**Exercise description**
Make an exact copy of the listing so that no picture is carried over.

**Data block**
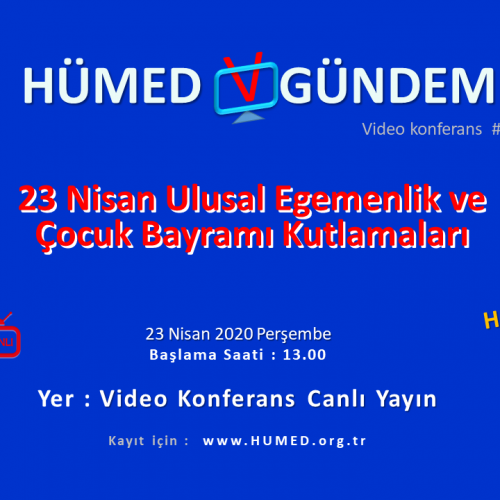 HÜMED v-GÜNDEM #2 : 23 Nisan Ulusal Egemenlik ve Çocuk Bayramı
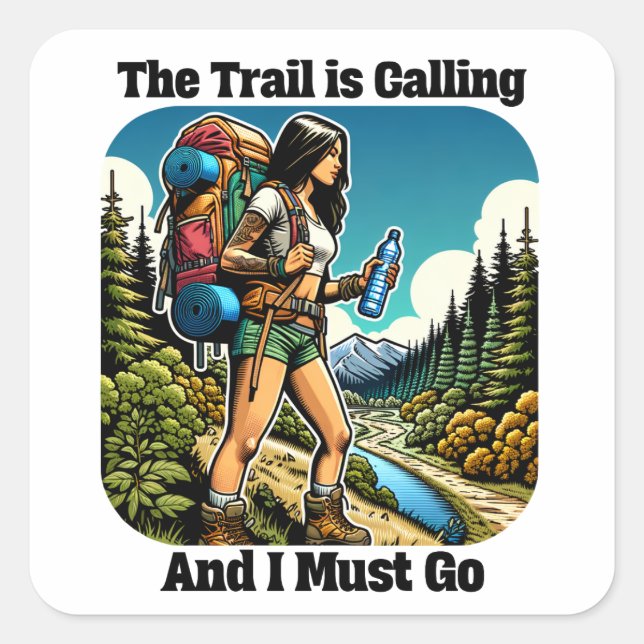 The Trail is Calling and I Must Go Square Sticker (Front)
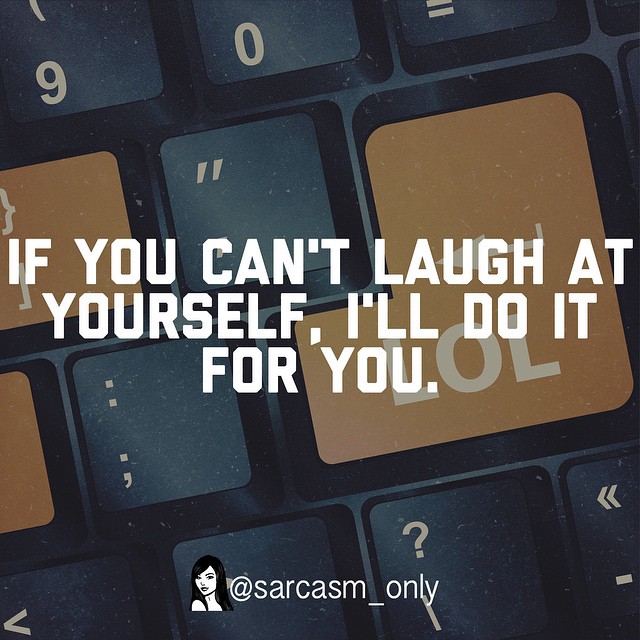 If you can't laugh at yourself, I'll do it for you.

**Exercise output**
 HÜMED v-GÜNDEM #2 : 23 Nisan Ulusal Egemenlik ve Çocuk Bayramı
 The Trail is Calling and I Must Go Square Sticker (Front)
 If you can't laugh at yourself, I'll do it for you.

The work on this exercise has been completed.